Platte Buch

Ende der Flucht

Unter anderen Umständen wäre er vielleicht gar nicht zurückgekehrt. Aber jetzt liegt der Vater schwer krank in einem Krankenhaus in Buenos Aires. Die letzten acht Jahre hat der junge Protagonist in Patricio Prons Debüt­roman »Der Geist meiner Väter steigt im Regen auf« in Göttingen gelebt – um zu studieren und viel Zeit bei einem Psychiater zu verbringen. Antidepressiva haben sein Gedächtnis porös werden lassen.
Die Reise nach Argentinien ändert beinahe alles. Im Arbeitszimmer des Vaters findet er eine prall gefüllte Aktenmappe.
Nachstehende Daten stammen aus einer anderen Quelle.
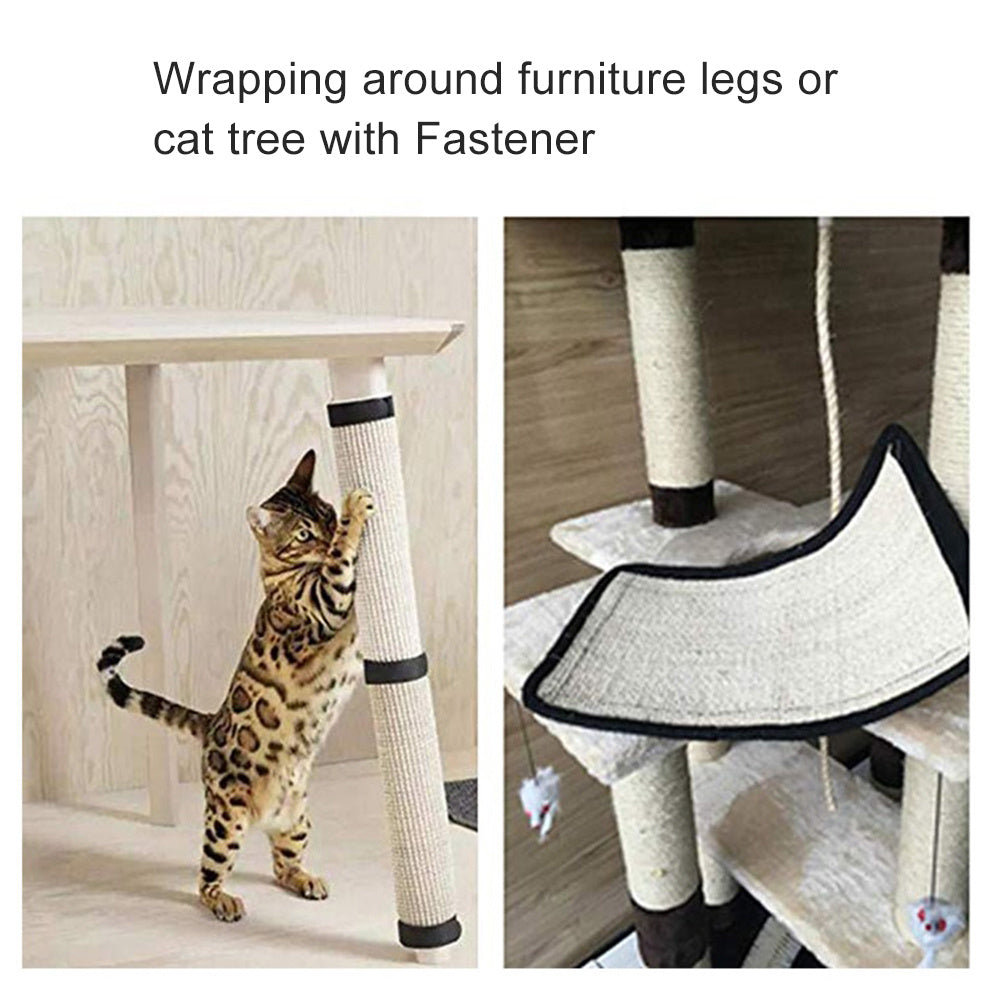 Cat scratch board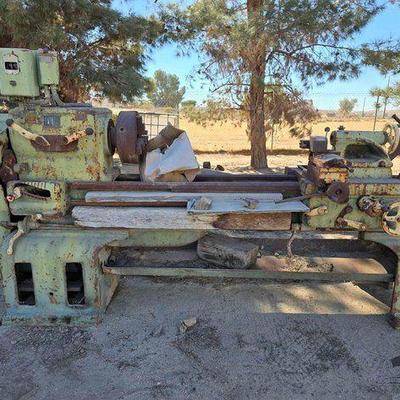 #1000 • The Sebastian Lathe Co. Lathe
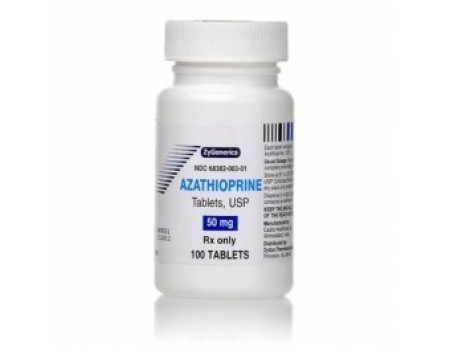 Azathioprine . 50 mg. 100.tablets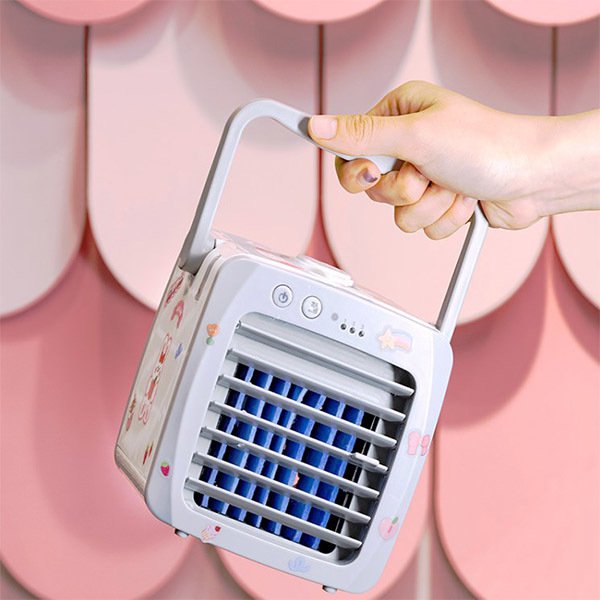 手提式靜音迷你冷風扇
Die über viele Romanseiten ausgebreiteten fiktiven Zeitungsausschnitte und Notizen über den Mord an ­einem Freund des Vaters geben den Blick frei auf ein nicht aufgearbeitetes Kapitel der Gewalt – auf die Zeit der Militärdiktatur zwischen 1976 und 1983. Von hier aus erweist sich die idyllische Kindheit des Protagonisten und Ich-Erzählers als verzerrte Erinnerung. Tatsächlich verbrachten die Eltern ein gefährliches Leben im politischen Widerstand. Nichts davon gewusst? Halb geahnt und verdrängt? Fragen über Fragen.
Stilistisch präzise und elegant erzählt Prons autobiographisch fundierter Roman von einem generationenübergreifenden Trauma und dem mutigen Versuch seiner Bewältigung. In einem Interview sagte der 1975 geborene Autor, »dass man nicht ständig vor der Vergangenheit flüchten kann, dass sie uns trifft, wo wir uns versteckt haben«. Dass er schließlich in der Lage gewesen sei, der »Vergangenheit in die Augen zu sehen«, habe ihn glücklich gemacht.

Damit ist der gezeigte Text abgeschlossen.